Teenagers wept over the deaths of their digital Tamagotchi pets in the late 1990s; some owners of Roomba robotic vacuum cleaners are known to dress them up and give them nicknames.

”When something responds to us, we are built for our emotions to trigger, even when we are 110 percent certain that it is not human,” said Clifford Nass, a professor of computer science at Stanford University. “Which brings up the ethical question: Should you meet the needs of people with something that basically suckers them?”

An answer may lie in whether one signs on to be manipulated.

For Amna Carreiro, a program manager at the M.I.T. Media Lab who volunteered to try a prototype of Autom, the diet coach robot, the point was to lose weight. After naming her robot Maya (“Just something about the way it looked”) and dutifully entering her meals and exercise on its touch screen for a few nights, “It kind of became part of the family,” she said. She lost nine pounds in six weeks.

Cory Kidd, who developed Autom as a graduate student at M.I.T., said that eye contact was crucial to the robot’s appeal and that he had opted for a female voice because of research showing that people see women as especially supportive and helpful. If a user enters an enthusiastic “Definitely!” to the question “Will you tell me what you’ve eaten today?” Autom gets right down to business. A reluctant “If you insist” elicits a more coaxing tone. It was the blend of the machine’s dispassion with its personal attention that Ms. Carreiro found particularly helpful.
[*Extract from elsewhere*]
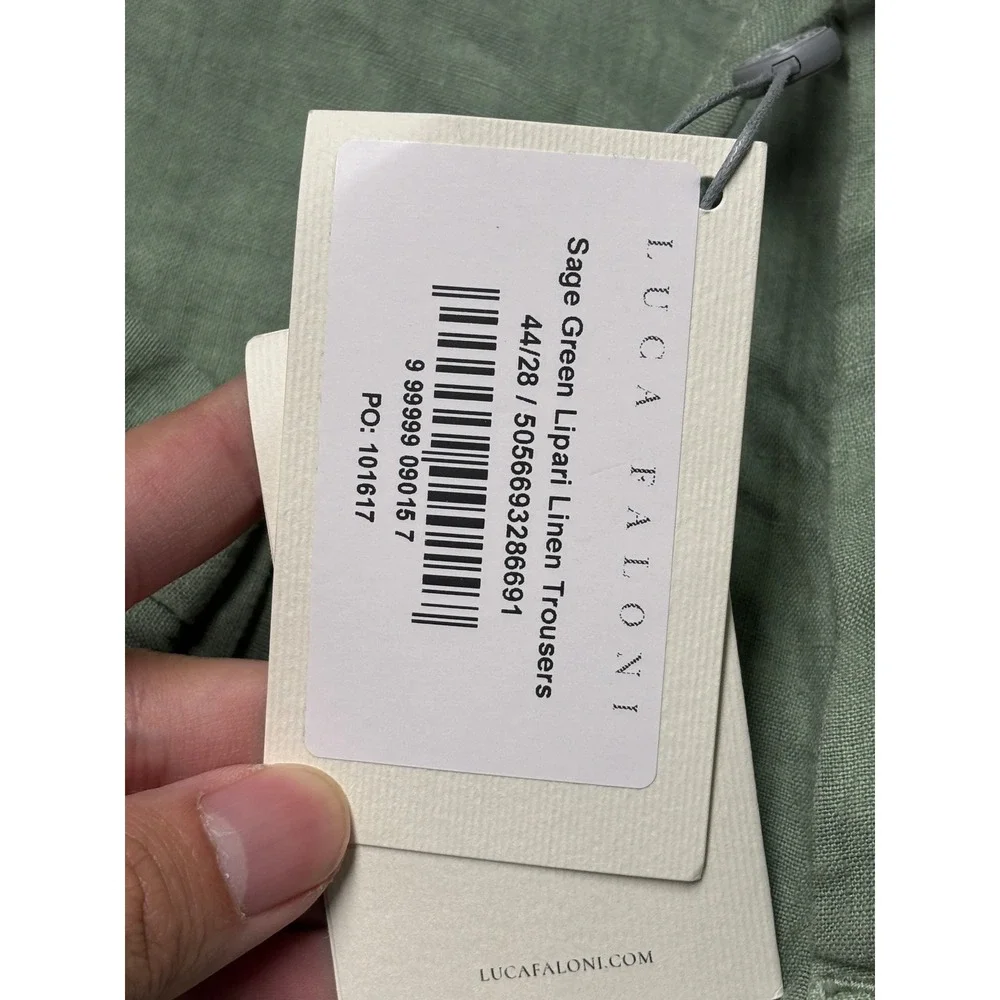 NWT Luca Faloni Sage Green Lipari Linen Trousers Mens 28 IT 44 L31 Made Italy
“It would say, ‘You did not fulfill your goal today; how about 15 minutes of extra walking tomorrow?’ ” she recalled. “It was always ready with a Plan B.”

Aetna, the insurance company, said it hoped to set up a trial to see whether people using it stayed on their diets longer than those who used other programs when the robot goes on sale next year.
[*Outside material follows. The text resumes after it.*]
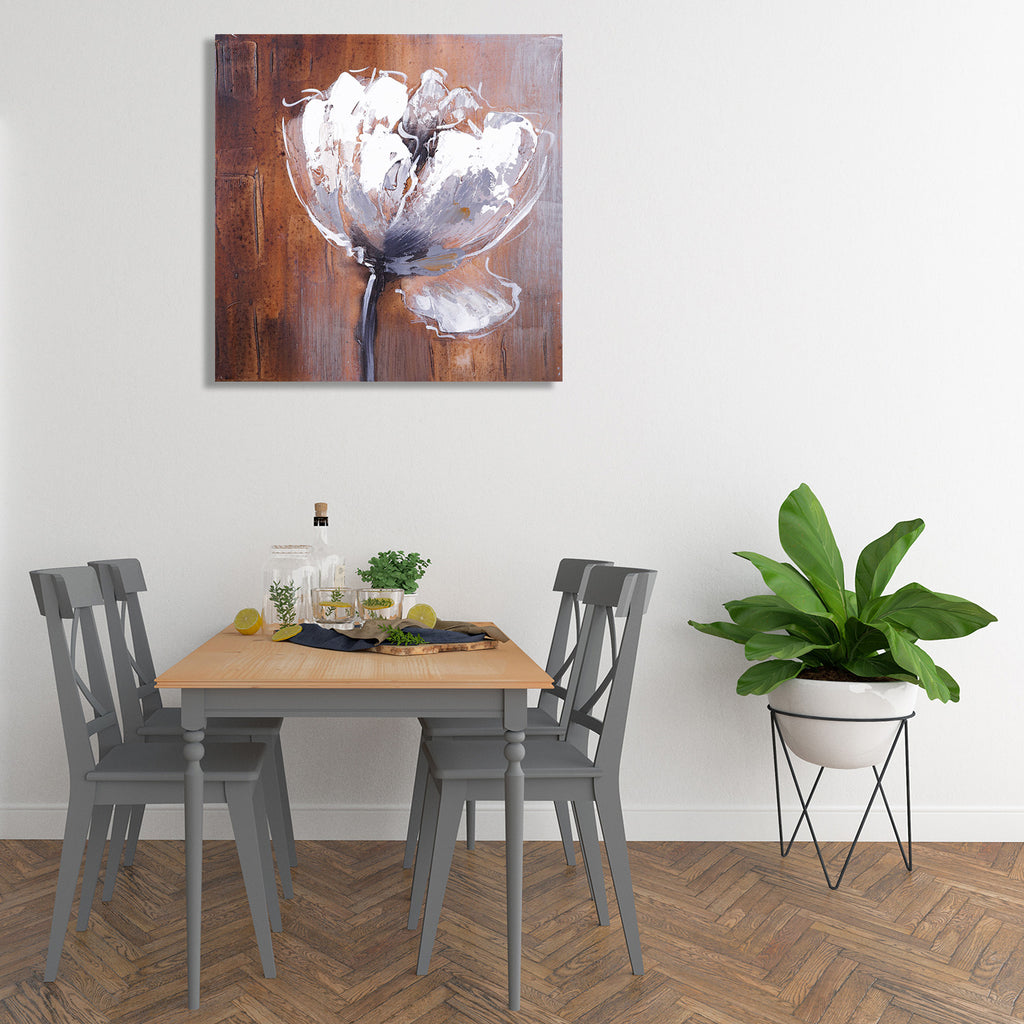 White Flower in Grunge style, Watercolor Art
Of course, Autom’s users can choose to lie. That may be less feasible with an emotion detector under development with a million-dollar grant from the National Institute on Drug Abuse that is aimed at substance abusers who want to stay clean.

Dr. Edward Boyer of the University of Massachusetts Medical School plans to test the system, which he calls a “portable conscience,” on Iraq veterans later this year. The volunteers will enter information, like places or people or events that set off cravings, and select a range of messages that they think will be most effective in a moment of temptation.
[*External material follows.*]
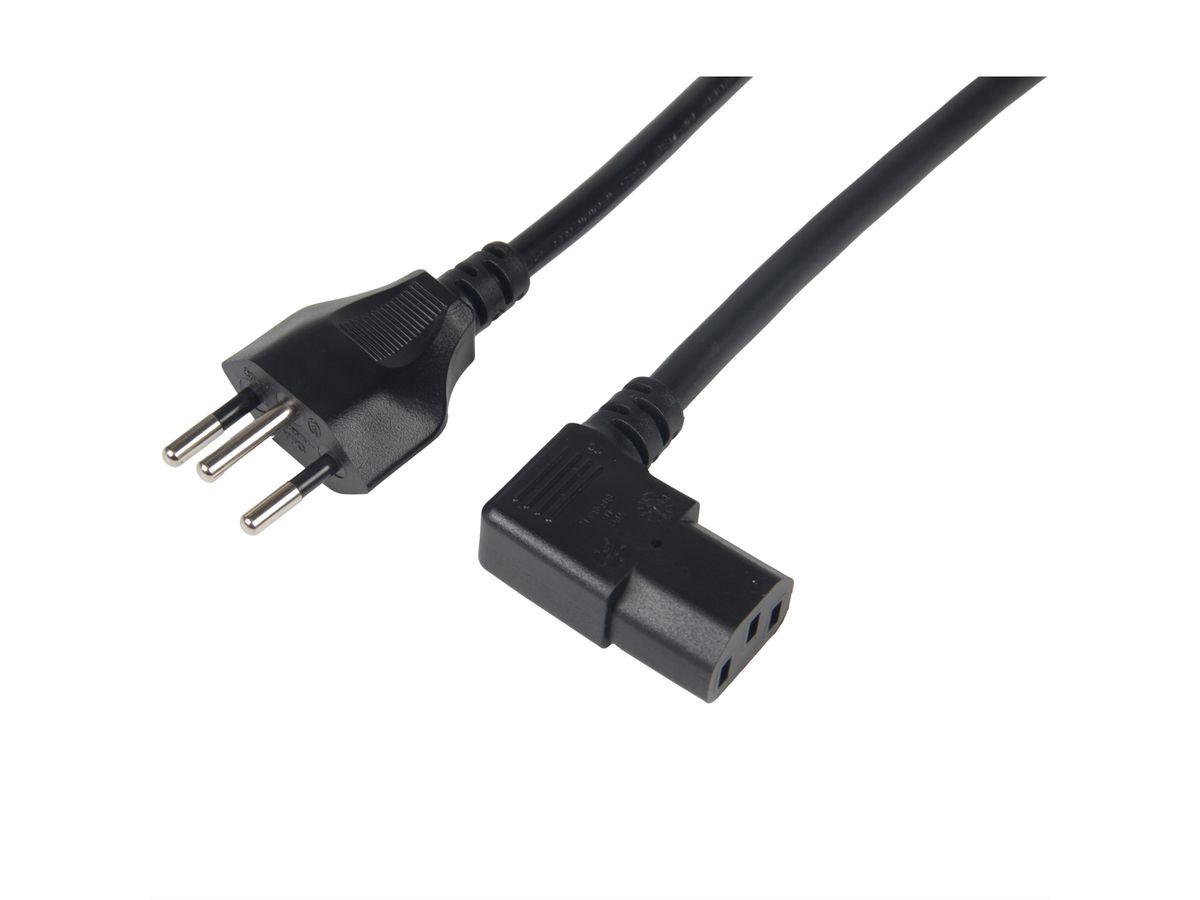 Câble d'alimentation VALUE noir, coudé à 90° à gauche (CH)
Then they don wristbands with sensors that detect physiological information correlated with their craving. With a spike in pulse not related to exertion, for instance, a wireless signal would alert the person’s cellphone, which in turn would flash a message like “What are you doing now? Is this a good time to talk?” It might grow more insistent if there was no reply. (Hallmark has been solicited for help in generating evocative messages.)

With GPS units and the right algorithms, such a system could tactfully suggest other routes when recovering addicts approached places that hold particular temptation — like a corner where they used to buy drugs. It could show pictures of their children or play a motivational song.

“It works when you begin to see it as a trustworthy companion,” Dr. Boyer said. “It’s designed to be there for you.”